What is required:
Set each entry down verbatim, omitting images.
====== Data
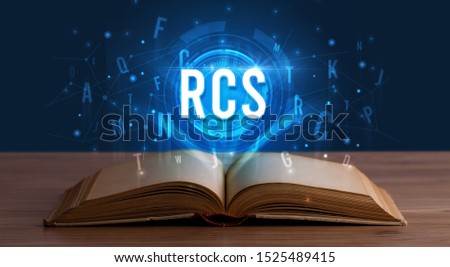 RCS inscription coming out from an open book, digital technology concept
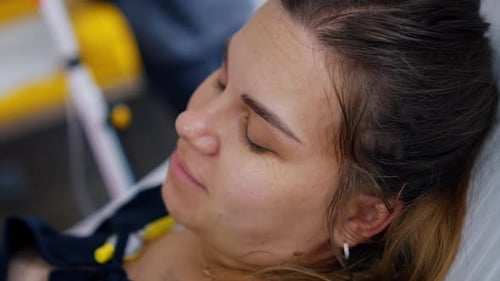 Mujer caucásica dando a luz a un bebé acostado inmóvil y sonriendo.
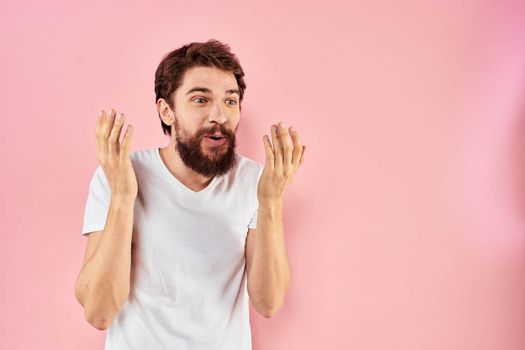 Man in white t-shirt gestures with hands emotions lifestyle cropped view pink background. High quality photo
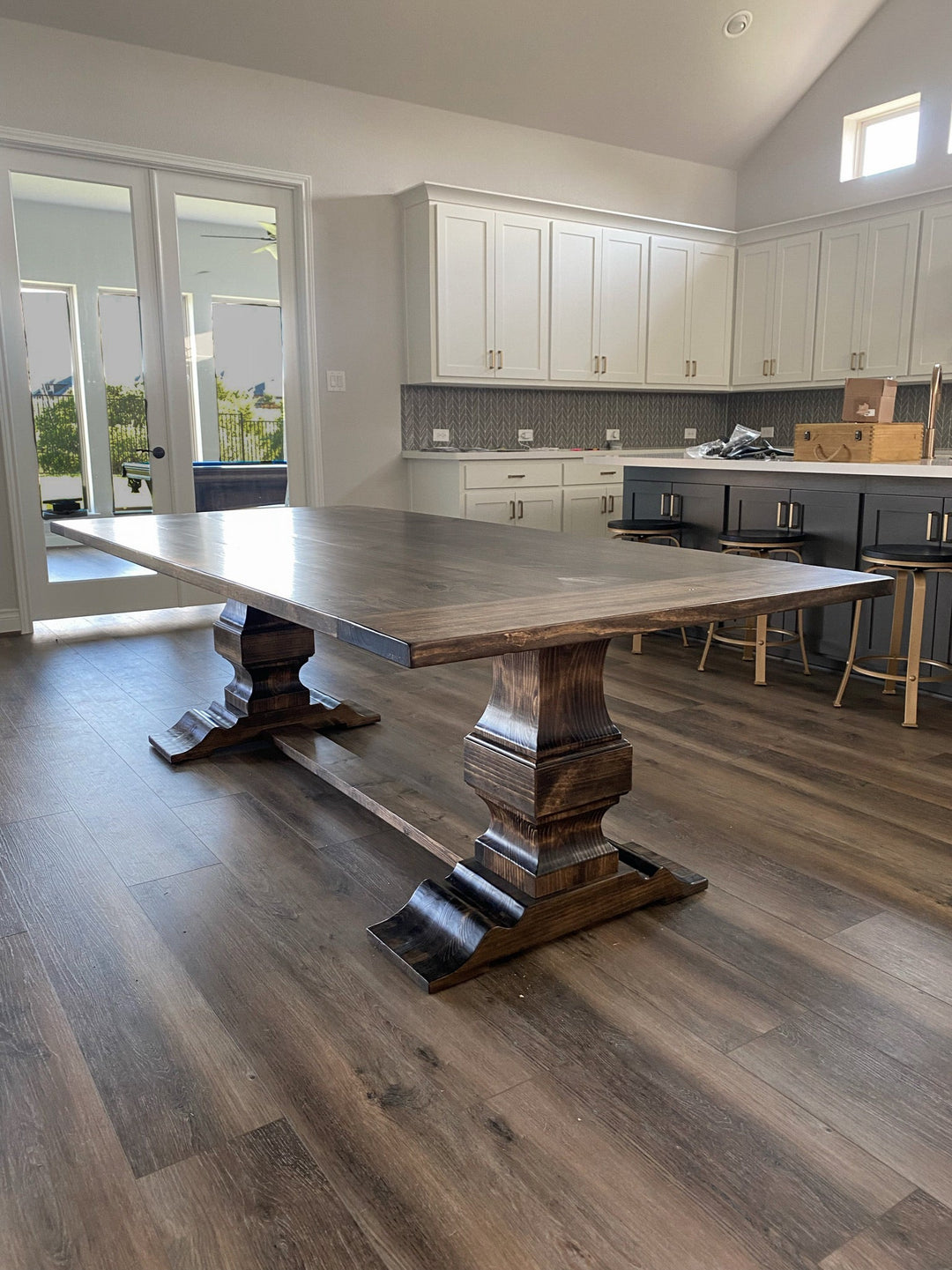 Rectangular wooden handcrafted pedestal dining table in a modern rustic kitchen, showcasing intricate craftsmanship and natural wood details that complement the warm, contemporary design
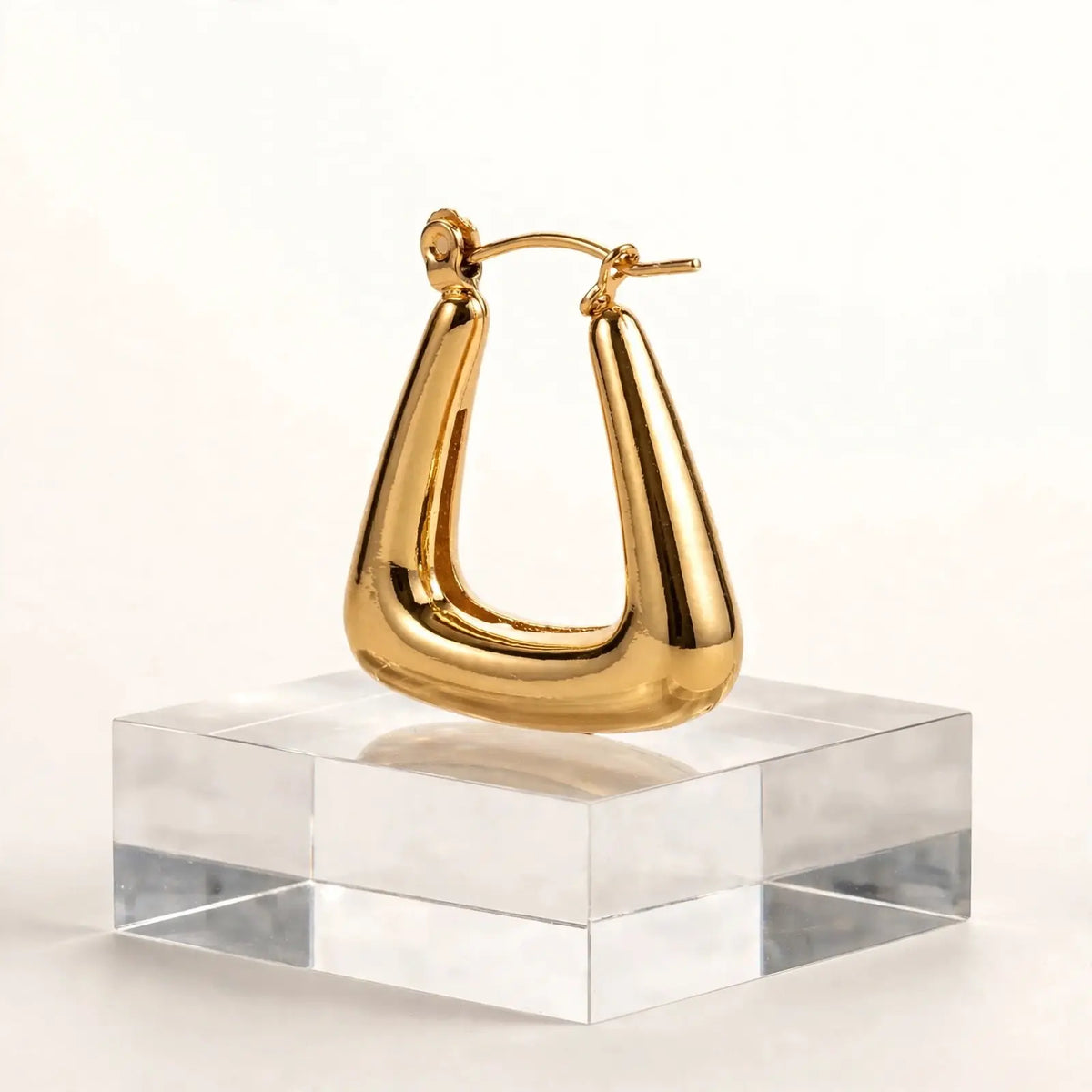 A single polished gold huggie hoop earring displayed on a clear acrylic block against a clean white background.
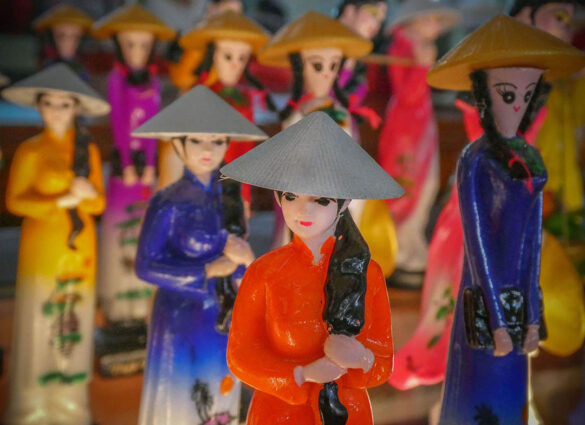 A close-up of colorful Vietnamese figurines wearing traditional hats.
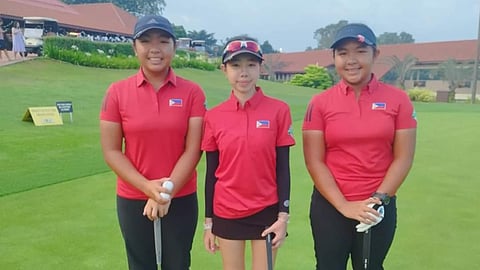 THE country’s spunky junior golfers (from left) Mona Sarines, Nicole Gan and Lisa Sarines got a ‘big-girl education’ in Singapore.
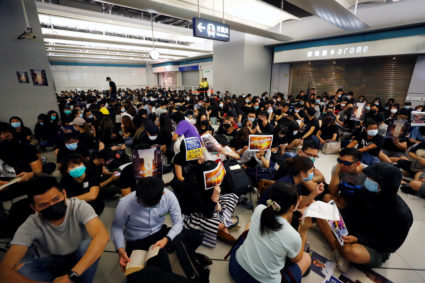 People protest during a silent sit-in gathering at Yuen Long MTR station, the scene of an attack by suspected triad gang members a month ago, in Yuen Long, New Territories, Hong Kong, China August 21, 2019. Photo by Kai Pfaffenbach/Reuters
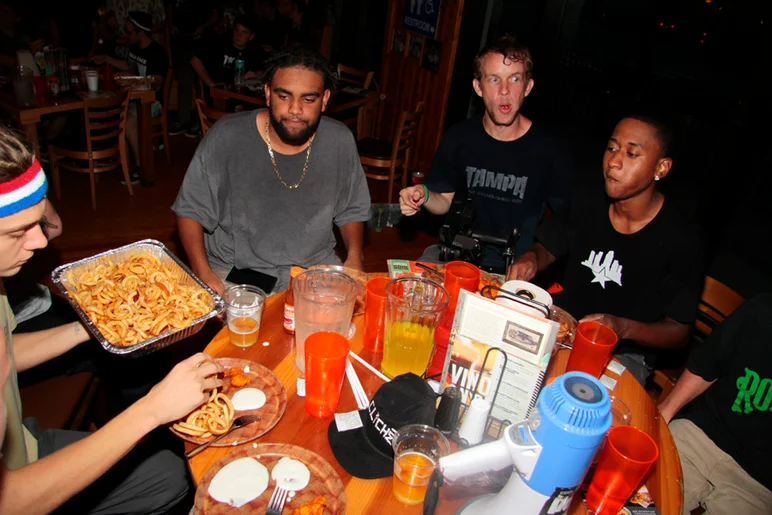 <!--ssc15-->

We arrived at Hooters and went straight to business. SPoT hooked it up with wings and fries for every table! Frank's face says it all.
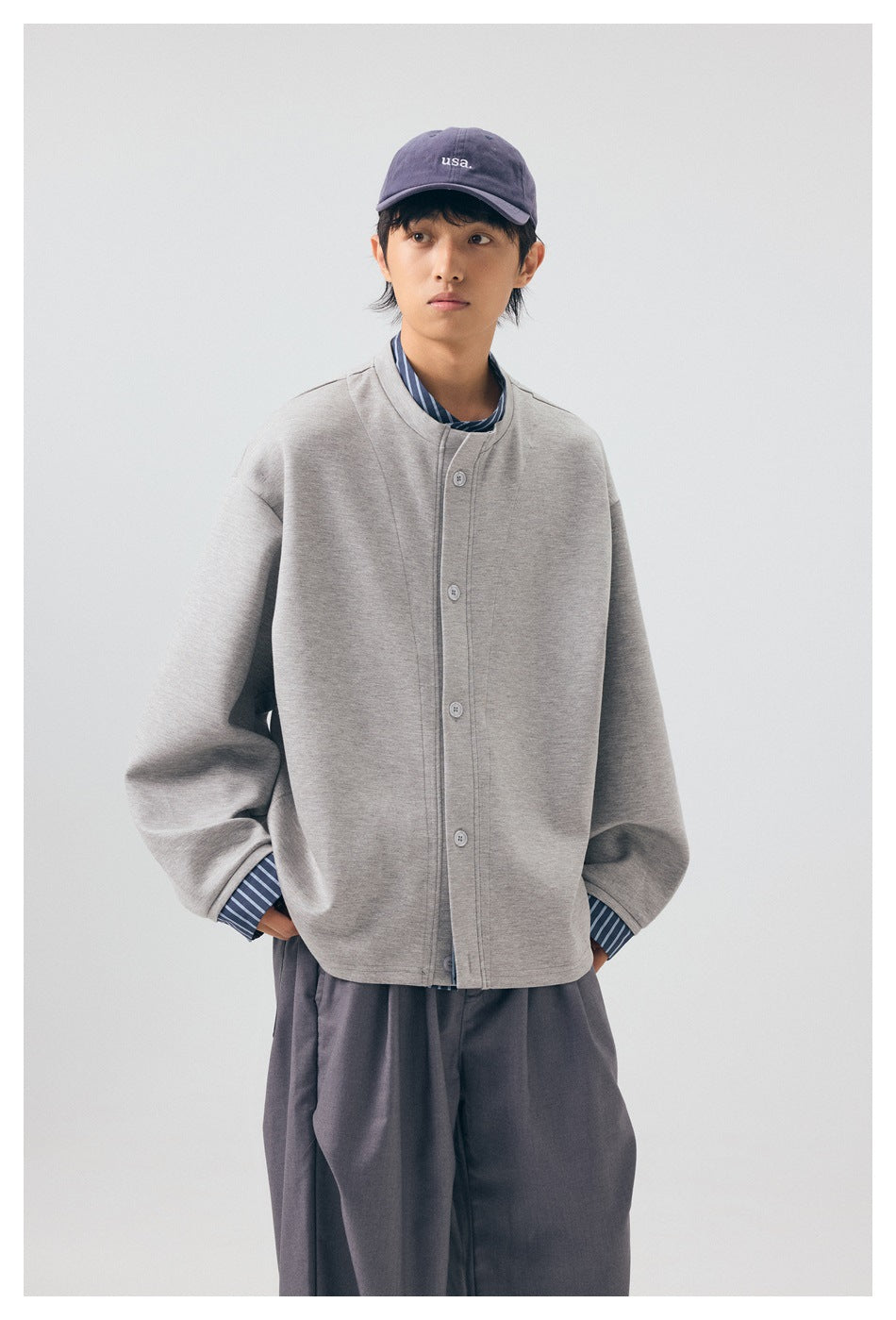 Model wearing a light gray button-front jacket over a striped shirt, with dark trousers and a purple cap.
============
Answer to the exercise:
 RCS inscription coming out from an open book, digital technology concept
 Mujer caucásica dando a luz a un bebé acostado inmóvil y sonriendo.
 Man in white t-shirt gestures with hands emotions lifestyle cropped view pink background. High quality photo
 Rectangular wooden handcrafted pedestal dining table in a modern rustic kitchen, showcasing intricate craftsmanship and natural wood details that complement the warm, contemporary design
 A single polished gold huggie hoop earring displayed on a clear acrylic block against a clean white background.
 A close-up of colorful Vietnamese figurines wearing traditional hats.
 THE country’s spunky junior golfers (from left) Mona Sarines, Nicole Gan and Lisa Sarines got a ‘big-girl education’ in Singapore.
 People protest during a silent sit-in gathering at Yuen Long MTR station, the scene of an attack by suspected triad gang members a month ago, in Yuen Long, New Territories, Hong Kong, China August 21, 2019. Photo by Kai Pfaffenbach/Reuters
 <!--ssc15-->

We arrived at Hooters and went straight to business. SPoT hooked it up with wings and fries for every table! Frank's face says it all.
 Model wearing a light gray button-front jacket over a striped shirt, with dark trousers and a purple cap.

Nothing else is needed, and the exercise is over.